SERGE LATOUCHE, BAUDRILLARD O LA SOVVERSIONE ATTRAVERSO L’IRONIA – JACA BOOK, MILANO 2016
“I precursori della decrescita” è una pungolante collana del catalogo Jaca Book, che porta significativamente come sottotitolo “Pensieri che vengono da lontano per un mondo sostenibile”. La dirige il filosofo ed economista francese Serge Latouche (1940), ideatore e promulgatore del concetto di decrescita, che contesta l’ideologia produttivistica delle nostre società, ritenendo che lo sviluppo sconsiderato e infinito della produzione e del consumo di oggetti materiali non sia sostenibile né compatibile con la sopravvivenza in un mondo finito quale è quello in cui viviamo. Gli intellettuali che si rifanno a tale teoria propongono una “società dell’abbondanza frugale”, in cui le persone godano tutte di un’esistenza migliore, consumando di meno e con un’attenzione più consapevole all’ambiente circostante.

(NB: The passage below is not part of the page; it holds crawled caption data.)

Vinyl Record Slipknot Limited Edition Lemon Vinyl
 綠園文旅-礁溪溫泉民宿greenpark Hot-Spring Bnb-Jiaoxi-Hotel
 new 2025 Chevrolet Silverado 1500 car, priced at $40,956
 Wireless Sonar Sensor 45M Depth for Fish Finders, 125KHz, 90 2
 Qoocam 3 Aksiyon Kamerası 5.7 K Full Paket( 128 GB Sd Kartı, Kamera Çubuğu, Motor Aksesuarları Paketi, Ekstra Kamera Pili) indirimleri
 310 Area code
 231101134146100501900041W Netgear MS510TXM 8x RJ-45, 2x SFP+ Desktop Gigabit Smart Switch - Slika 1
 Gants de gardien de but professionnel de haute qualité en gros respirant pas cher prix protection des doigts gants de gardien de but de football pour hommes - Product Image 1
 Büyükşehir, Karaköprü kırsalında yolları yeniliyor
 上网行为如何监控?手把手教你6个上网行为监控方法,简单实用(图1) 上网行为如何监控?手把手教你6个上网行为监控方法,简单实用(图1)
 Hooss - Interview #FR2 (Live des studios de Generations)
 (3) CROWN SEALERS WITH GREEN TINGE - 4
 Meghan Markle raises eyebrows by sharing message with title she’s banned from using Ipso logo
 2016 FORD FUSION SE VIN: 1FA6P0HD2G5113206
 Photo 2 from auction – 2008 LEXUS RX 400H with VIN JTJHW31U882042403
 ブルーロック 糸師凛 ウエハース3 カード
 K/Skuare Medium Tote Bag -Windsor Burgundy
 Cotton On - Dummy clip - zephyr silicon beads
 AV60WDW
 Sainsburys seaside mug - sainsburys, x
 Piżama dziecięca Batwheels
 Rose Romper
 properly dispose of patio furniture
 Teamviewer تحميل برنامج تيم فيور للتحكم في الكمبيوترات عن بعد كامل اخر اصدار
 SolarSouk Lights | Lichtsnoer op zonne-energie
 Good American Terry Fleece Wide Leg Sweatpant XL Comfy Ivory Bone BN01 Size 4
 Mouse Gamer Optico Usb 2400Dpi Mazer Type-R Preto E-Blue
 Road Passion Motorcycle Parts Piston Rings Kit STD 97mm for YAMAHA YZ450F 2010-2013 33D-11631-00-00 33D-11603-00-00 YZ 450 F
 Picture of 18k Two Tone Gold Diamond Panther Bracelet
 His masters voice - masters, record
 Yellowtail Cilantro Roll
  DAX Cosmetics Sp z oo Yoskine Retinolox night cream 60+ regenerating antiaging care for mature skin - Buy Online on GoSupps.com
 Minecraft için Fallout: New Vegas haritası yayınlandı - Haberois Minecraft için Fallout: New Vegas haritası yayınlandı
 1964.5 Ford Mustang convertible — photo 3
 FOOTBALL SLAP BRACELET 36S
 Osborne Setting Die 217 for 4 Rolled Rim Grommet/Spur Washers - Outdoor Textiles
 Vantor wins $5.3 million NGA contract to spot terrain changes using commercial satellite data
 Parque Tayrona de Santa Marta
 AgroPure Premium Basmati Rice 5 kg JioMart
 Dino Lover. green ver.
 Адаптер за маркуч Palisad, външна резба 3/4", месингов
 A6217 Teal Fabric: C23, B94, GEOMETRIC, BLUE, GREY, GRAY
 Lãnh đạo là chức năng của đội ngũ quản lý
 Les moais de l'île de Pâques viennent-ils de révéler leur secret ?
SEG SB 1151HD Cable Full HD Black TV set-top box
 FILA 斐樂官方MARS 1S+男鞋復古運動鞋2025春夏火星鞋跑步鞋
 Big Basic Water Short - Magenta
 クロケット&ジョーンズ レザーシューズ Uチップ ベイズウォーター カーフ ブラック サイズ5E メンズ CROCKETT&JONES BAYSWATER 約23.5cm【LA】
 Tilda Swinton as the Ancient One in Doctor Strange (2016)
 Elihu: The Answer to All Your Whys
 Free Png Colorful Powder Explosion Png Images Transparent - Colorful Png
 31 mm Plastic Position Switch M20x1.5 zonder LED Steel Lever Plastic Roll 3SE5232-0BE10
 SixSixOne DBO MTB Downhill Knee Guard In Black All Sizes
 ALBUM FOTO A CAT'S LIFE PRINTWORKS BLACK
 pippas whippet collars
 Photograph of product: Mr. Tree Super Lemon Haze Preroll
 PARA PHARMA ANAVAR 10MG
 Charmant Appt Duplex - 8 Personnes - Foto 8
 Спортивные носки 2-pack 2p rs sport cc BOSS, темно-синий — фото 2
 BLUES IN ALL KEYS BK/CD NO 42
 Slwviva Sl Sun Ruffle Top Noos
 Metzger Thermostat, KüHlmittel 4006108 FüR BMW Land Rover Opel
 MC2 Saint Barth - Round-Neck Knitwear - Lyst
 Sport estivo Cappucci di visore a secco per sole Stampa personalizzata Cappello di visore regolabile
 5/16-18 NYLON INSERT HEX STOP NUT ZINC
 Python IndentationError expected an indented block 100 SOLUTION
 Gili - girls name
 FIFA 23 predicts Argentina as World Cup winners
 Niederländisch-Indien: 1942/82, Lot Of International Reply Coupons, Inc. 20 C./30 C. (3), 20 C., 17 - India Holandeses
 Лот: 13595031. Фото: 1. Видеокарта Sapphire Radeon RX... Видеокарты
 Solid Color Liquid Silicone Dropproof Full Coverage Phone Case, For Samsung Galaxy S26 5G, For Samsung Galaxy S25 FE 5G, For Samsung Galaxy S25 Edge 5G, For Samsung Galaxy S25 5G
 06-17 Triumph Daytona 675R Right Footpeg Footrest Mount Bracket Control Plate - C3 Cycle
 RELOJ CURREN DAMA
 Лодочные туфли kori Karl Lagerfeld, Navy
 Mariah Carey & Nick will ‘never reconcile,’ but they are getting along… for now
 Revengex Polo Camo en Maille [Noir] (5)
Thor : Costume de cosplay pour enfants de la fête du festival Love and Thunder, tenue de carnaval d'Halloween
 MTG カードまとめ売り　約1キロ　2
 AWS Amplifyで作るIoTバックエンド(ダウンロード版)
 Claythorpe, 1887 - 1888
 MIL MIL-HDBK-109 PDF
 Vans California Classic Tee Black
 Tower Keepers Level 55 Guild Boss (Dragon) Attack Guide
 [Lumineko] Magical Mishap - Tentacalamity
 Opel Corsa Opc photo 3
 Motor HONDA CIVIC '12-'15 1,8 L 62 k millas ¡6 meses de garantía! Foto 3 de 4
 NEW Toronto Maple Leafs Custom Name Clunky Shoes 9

Il volume di cui ci occupiamo si intitola Baudrillard o la sovversione attraverso l’ironia, e in esso Latouche ipotizza una riscoperta e una rilettura di Jean Baudrillard (1929-2007) appunto come precursore della decrescita. Baudrillard, «autore inclassificabile», affermava che si possono avere molte idee, ma un solo pensiero. Il suo pensiero coerente e quasi ossessivo riguardava la critica della società dei consumi e di tutti i suoi simulacri, per cui «il desiderio umano si riduce a invidia di cose»: il feticismo per la merce, l’onnipresenza manipolatoria della macchina pubblicitaria, l’artificiosa società dello spettacolo, la globalizzazione che annulla ogni differenza culturale tra i popoli. Secondo Baudrillard i miti della spesa, del godimento immediato, dell’accumulo di prodotti inutili hanno sostituito i temi del risparmio, del lavoro, della costruzione di un patrimonio: il superfluo precede il necessario, la carta di credito illude di poter acquistare tutto ad libitum. I bisogni sono indotti artificialmente, e ormai si compera quello che non serve con il miraggio di conquistare la felicità, per obbedire ai dettami della moda o del salutismo. La critica pungente di Baudrillard sembra quindi dover considerare a diritto il suo autore tra i precursori della decrescita, ma Serge Latouche esprime alcuni dubbi sulla reale adesione di lui all’utopia dell’abbondanza frugale. Indifferente all’ecologismo, sarcastico e provocatorio fino a sfiorare il nichilismo, scettico su ogni impegno politico, Baudrillard non propone nessun progetto alternativo che aiuti la società a rifondarsi: disilluso e derisorio, rinunciatario e pessimista, dichiara beffardamente l’impotenza velleitaria di chi si dà da fare per salvare il mondo, che secondo lui è ormai condannato a una fine ingloriosa, sommerso da rifiuti materiali e ideologici. Nella seconda parte del volume il fastidio di Latouche nei riguardi del collega più anziano diventa esplicito e quasi astioso: Baudrillard viene definito cinico e manicheo, impertinente e anaffettivo, sofisticamente paradossale nella sua passione per l’ironia giocosa del linguaggio, incapace di proposte costruttive quando si spinge addirittura a negare la consistenza del reale, affermando che il mondo è un’illusione, una simulazione: «Certo, la sua critica del sistema colpisce nel segno, ma le conclusioni che ne trae sono talmente radicali da neutralizzare qualsiasi azione».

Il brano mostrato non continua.